Sudahhkah berjalan? Bahkan saya sudah berlari dengan bertahan. Yang saya tau ketika itu, saya kehilangan petunjuk jalan setelah menemukan. Karena ada, tapi tak senada. Karena dekat, tapi tak terlihat. Karena butuh tapi tak menyentuh. Ini tentang tempat yang katanya untuk, oleh dan harus bersama. Walaupun tak sempat dan tak ada yang ingin lama. Ternyata penawaran yang tak sesuai sebelumnya, tidak tepat sasaran pada harinya. Mau menyalahkan apa? Bahkan lupa mengapa untuk diingat walau banyak yang memiliki firasat.
Sudah siang, masih saja meriang. Apa? Merindukan kasih yang penyayang? Tak mengapa jika pelukan masih membawa kamu pulang pada diri yang belum tentu memiliki peluang. Masih saja berkutik pada petunjuk jalan yang selalu ditemukan ketika jauh, sama seperti mereka tetap saja berkritik tanpa saran bahwa perlu pelukan ketika butuh.
Mulai sore, tetap saja hambar. Katanya petunjuk jalan itu benar, sampai saat ini belum juga kasih itu terdengar. Hanya bertanya waktu yang saya punya, tapi jawaban pasti pakai katanya. Tidak ada yang pasti tapi perlu diteliti. Banyak yang saya ingin lihat ketika saling menemukan, atau malah saling teringat dengan kesibukan.
Sebenarnya kita ini apa? Petunjuk tak selalu benar. Ada opini yang selalu harus kita yakini, dan ada omongan yang tak perlu kita jadikan wejangan. Kamu dan saya belum tentu dipertemukan untuk saling menemukan. Tapi hanya ingin menguji kebenaran, untuk sekedar memuji yang membuat kasmaran. Meski tak pernah lebih, tapi saya ingin memilih. Ada perasaan yang terpilih, sampai gundah ini pulih.

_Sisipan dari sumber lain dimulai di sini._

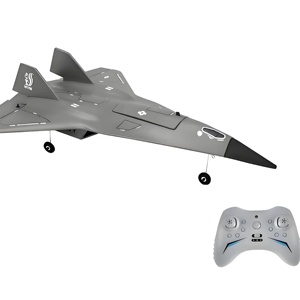 Avion télécommandé <span class=keywords><strong>SR72</strong></span>, futur avion de chasse, planeur à double canal, modèle d'avion à aile fixe, jouet pour enfants - Product Image 1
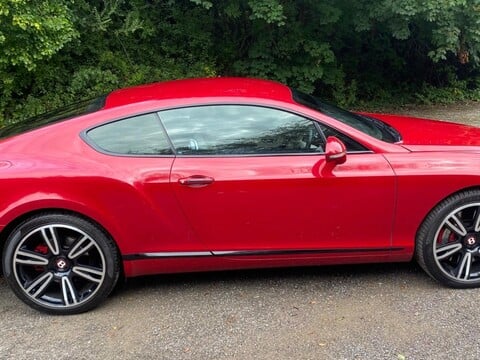 Bentley Continental GT V8 6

Mungkin rasa hanya sanggup merasa, bukan tidak mau mengikuti kata hati. Namun sudah berasa ada bukti yang menjadi harga mati. Kamu tak berhak dinanti tapi hanya layak diganti. Dengan apa? Dengan sikap yang mantap, bahwa dengan berharap diri ini rusak. Dan tak ada pertanyaan lagi setelah kita menujuk kebenaran jalan, karena disitu kita tak saling menemukan.

2/27/2015

Ada Apa~

Aku hanya ingin bercerita dan itu lebih dari cukup, bukan ingin bercinta yang terasa begitu gugup. Hanya sekedar berkata bahwa diri ini mulai tertata bukan lagi diri yang buta. Tak ada yang dipinta selain serta dalam cerita. Menimpa diri yang hampa dan terlupa bahwa ada apa.
Kenapa begitu nyaman, mengatakan diri ini aman bersama. Bagaimana taman tak menghiraukan bunga dengan keindahan yang melengkapi walau tak lama. Walau hanya sekedar teman, tapi sekadar saja ijinkan mengatakan ada keadaan yang pudar setelah dengan mu. Kenapa begitu nyaman, mengetuk iman ini tersadar. Bagaimana hujan mengalahkan reda dengan terus meramaikan walau tak berhenti. Walau hanya ada kata menyesakkan dada menghapus luka yang tak bertepi.
Lalu seperti apa aku harus bersikap? Lurus seakan tak ada terus dibalik kita. Belok seakan tak ada besok dibalik kita. Rupanya, aku yang menemukanmu kemarin dalam gundah namun indah yang terjadi. Kamu yang menemukanku hati ini dalam keadaan yang tak pernah aku mengerti. Apa ada hati? Atau malah mati? Itu terserah yang membuat diri ini pasrah menyatakan menyerah walau sebelum terpanah.
Dalam diri bertanya? Apakah akan terus sendiri tanpanya? Berdiri sampai lari dengan harap dicari. Langkah yang bertingkah merasa mengolah mengatakan tak usah memikirkan resah yang membuat gundah. Kapan kau akan terlupakan? Jika diri ini menetapkan ada hati yang sengaja berharap saja. Dimana diri ini tertinggal? Jika diri ini terpenggal ada rasa yang memaksa tanggal kuasa. Siapa yang teringat? Jika diri ini berkeringat mengejar hari ada iri yang belajar kuat.
Aku hanya ingin bercerita bukan bercinta, atas pelukan yang dari derita. Menjerit ingin menyampaikan hanya denganmu aku merasakan. Jangan berikan aku jarak atas obrolan yang membuat aku serak. Mereka pun bersorak seakan kita ada apanya. Padahal apa? Kita hanya diam, menepi memperbaiki diri. Hanya bergumam dalam hati walau sendiri. Apakah pantas? Menata lagi bekas yang tak berkelas. Apakah wajar? Mengeja lagi belajar untuk tidak mengulang kesalahan yang hilang.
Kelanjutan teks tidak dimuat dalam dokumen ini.